* **ACTIVITY**:
When you reach the line that contains "PopLife® Blue Dragonfly", begin copying exactly and continue through the last line below. Do not copy pictures.

* **SUPPLIED MATERIAL**:
● ● ●

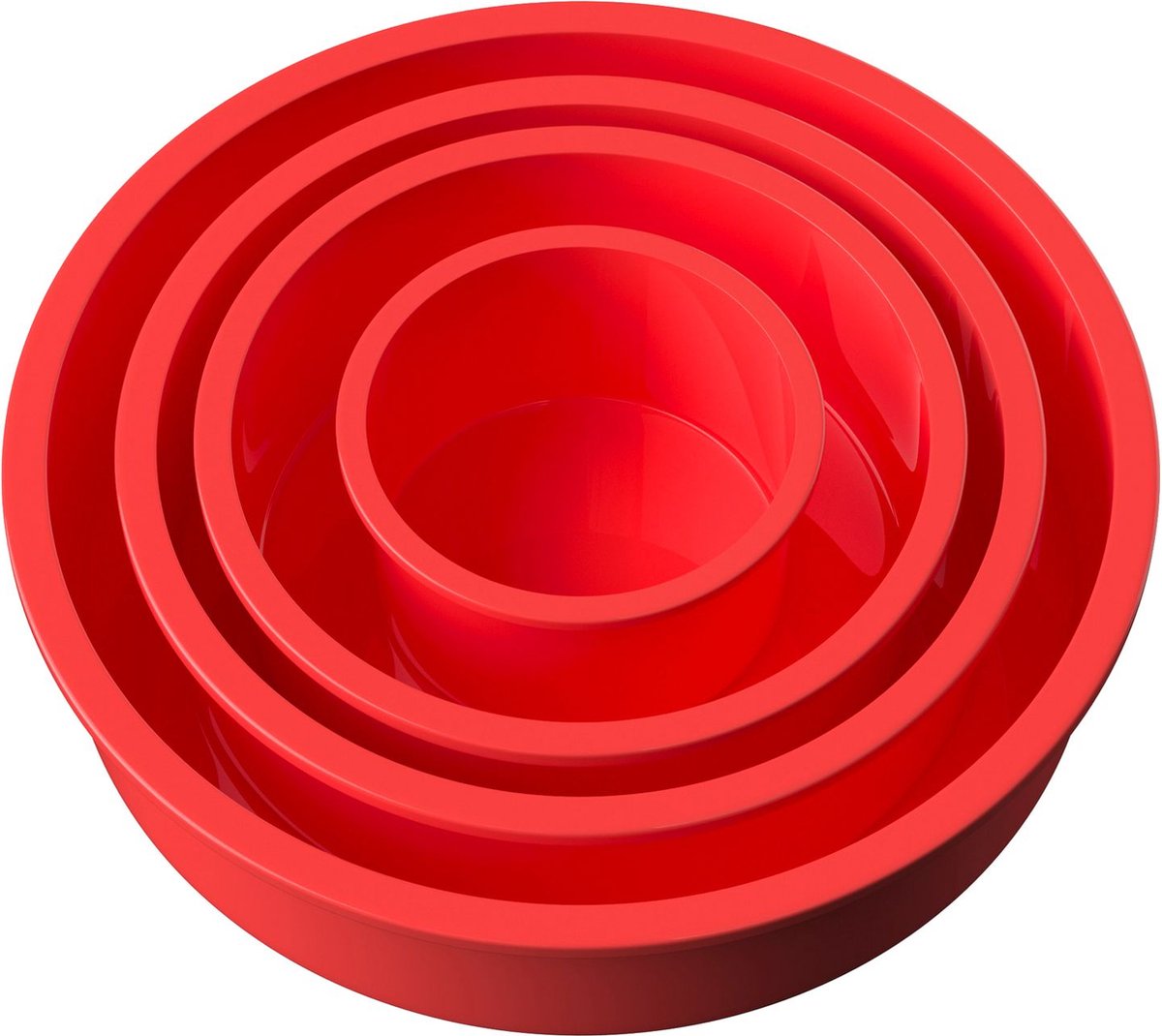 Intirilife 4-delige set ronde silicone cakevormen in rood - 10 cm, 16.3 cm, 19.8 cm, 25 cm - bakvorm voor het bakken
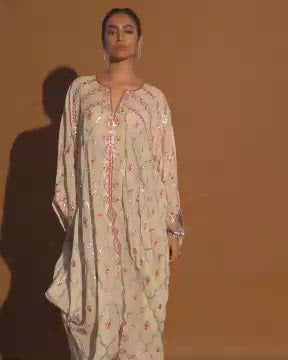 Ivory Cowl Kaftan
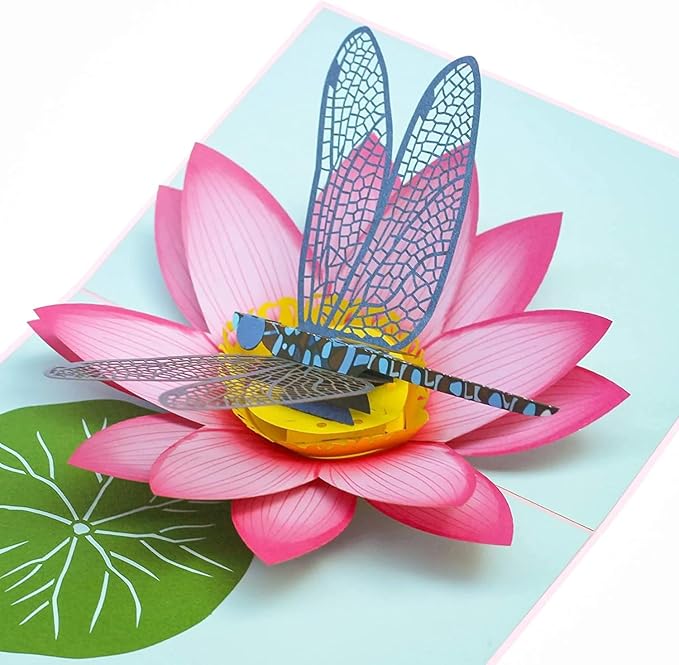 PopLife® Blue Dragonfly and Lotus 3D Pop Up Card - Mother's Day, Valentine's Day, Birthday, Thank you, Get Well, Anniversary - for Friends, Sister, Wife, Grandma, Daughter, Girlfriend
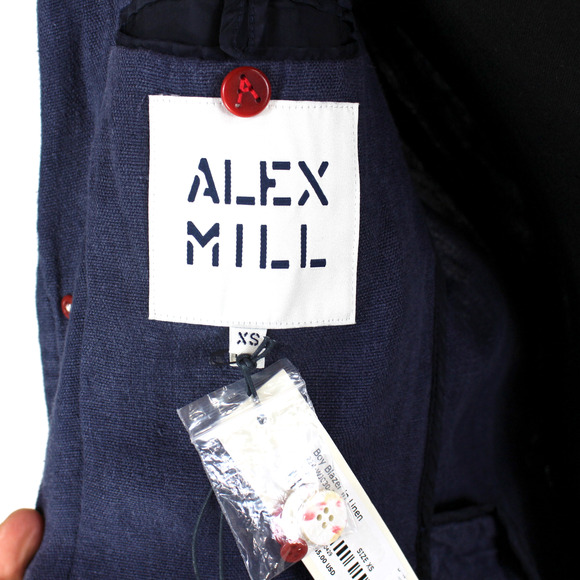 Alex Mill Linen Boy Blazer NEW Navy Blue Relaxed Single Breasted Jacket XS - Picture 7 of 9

● ● ●

* **ANSWER SPACE**:
 PopLife® Blue Dragonfly and Lotus 3D Pop Up Card - Mother's Day, Valentine's Day, Birthday, Thank you, Get Well, Anniversary - for Friends, Sister, Wife, Grandma, Daughter, Girlfriend
 Alex Mill Linen Boy Blazer NEW Navy Blue Relaxed Single Breasted Jacket XS - Picture 7 of 9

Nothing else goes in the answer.